En outre, les risques encourus par les reporters sont très diversifiés et concernent en réalité bien plus les conséquences politiques d’une guerre que sa dangerosité armée directement. Ainsi, Jon Björgvinsson expliquait également avoir été enfermé dans les geôles d’Abou Dabi ou encore interrogé brutalement en Égypte lors du Printemps arabe, alors même que dans ces deux cas de figure il n’était pas directement en train de rechercher une information ou une image, mais sa simple présence sur place en tant que journaliste l’avait exposé directement au risque.

Un second biais qui exclut cette mise en balance automatique est le fait que souvent les reporters doivent directement se reporter à leur hiérarchie pour évaluer les risques.

Par ailleurs, les perceptions du risque sur le terrain peuvent être altérées, que cela soit en raison d’une inexpérience ou, au contraire, d’une trop grande habitude des zones de conflits. Dans les discours des journalistes rencontrés, l’instinct tient une grande place dans l’évaluation du risque.

Que disent les hiérarchies ?

Nous avons demandé à Antoine Silacci, chef de la rubrique internationale de la RTS, quel type d’information « méritait » selon lui une certaine prise de risque, (toujours mesurée) de la part de ses reporters.

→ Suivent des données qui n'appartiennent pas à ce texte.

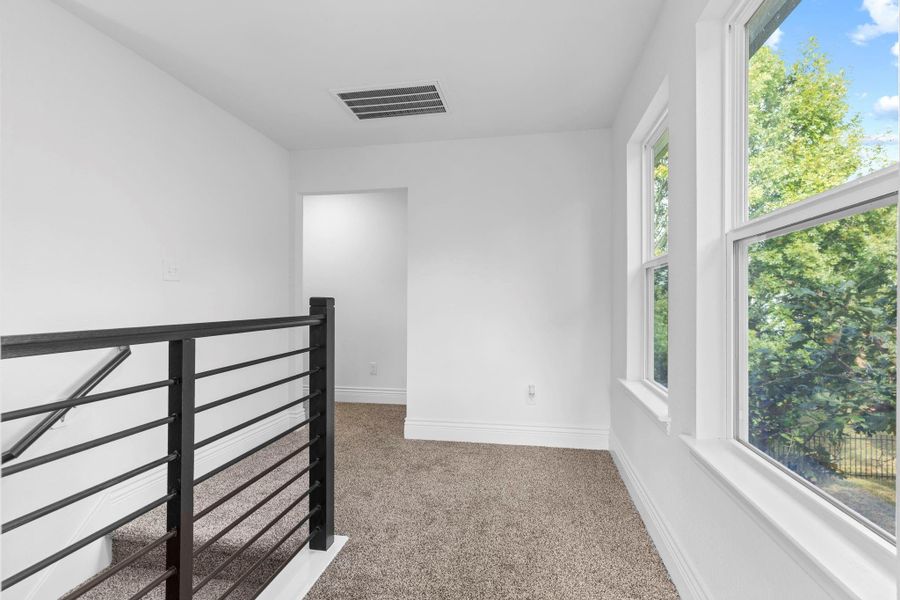 This upper landing feels bright and cheerful with large windows that bring in the prettiest outdoor views. It creates a peaceful space as you move between the upstairs rooms. This upper landing feels bright and cheerful with large windows that bring in the prettiest outdoor views. It creates a peaceful space as you move between the upstairs rooms.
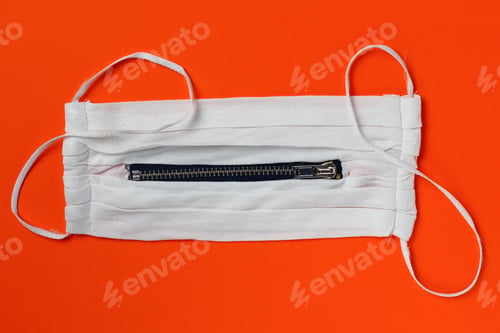 Preview: White Unusual Medical Mask With A Zipper On An Orange Background.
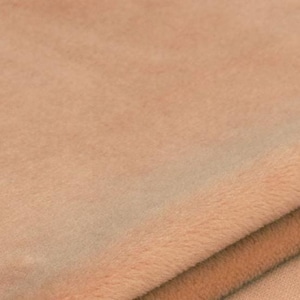Soft plush fabric texture of race car pillow, close-up of cozy velvet-like material, gentle on child skin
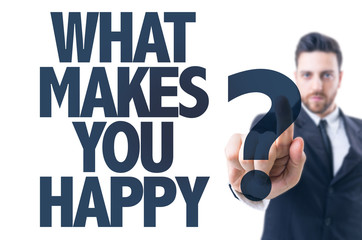 Business man pointing the text: What Makes You Happy?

Il a alors été question de la plus-value éditoriale d’une couverture :

Bon, la plus grande valeur que l’on puisse apporter à notre public pour la couverture de ce genre de conflit, c’est d’avoir du témoignage de première main, du reportage maison, parce que c’est ça en fait généralement le plus frappant, le plus marquant. Et le plus informatif. Donc c’est une vraie plus-value d’être sur le terrain, vraiment.

Il appuie sur la différence forte qui se ressent au niveau du public entre le fait de prendre des images émanant d’une agence ou celles faites par des correspondants ou envoyés spéciaux dont le nom et la voix sont connus du public.

Ça nous permet d’avoir des reportages avec un énorme impact. Et ça, c’est extrêmement important, notamment pour des conflits qui durent depuis très longtemps, où il y a une certaine lassitude de la part du public.

Une bonne info ≠ plus de risque

En 2011 lors de la chute de Kadhafi, Jon Björgvinson et ses équipes pénétraient sans difficulté dans le palais de l’ancien dictateur sans être inquiétés au vu du chaos qui régnait. Ils tombèrent alors sur le cadavre du libyen dans un container, information de forte intensité sans se mettre forcément en danger ; et des situations inverses se sont également produites. Tristan Dessert expliquait aussi, pour donner un dernier exemple, que lui et ses équipes étaient tombés par hasard, dans un village en Ukraine, sur un chirurgien militaire qui leur avait expliqué à quels types de blessures de guerre il était le plus confronté, ce qui a donné des informations d’une grande pertinence sur les difficultés du front, tout en ne les mettant pas directement en danger.

L’appréciation du risque demeure une question de sensation, de « feeling ». Il n’y a jamais de grille ou de garantie absolue.

Les réponses proposées par les reporters mettent toutes l’intérêt public au cœur de leurs motivations. L’intérêt public, en lien avec la pratique des journalistes, se traduit de manière transversale par la volonté de transmettre une information nuancée et claire, de façon pédagogique, afin de faire connaitre des situations, souvent injustes ou malheureuses, à un public qui ne les connaitrait pas, afin de lui permettre de se positionner de façon éclairée. Le travail journalistique permet, ou du moins prétend à donner les outils nécessaires à un débat public sain. Et d’autant plus dans des situations graves, telles que des situations de belligérance.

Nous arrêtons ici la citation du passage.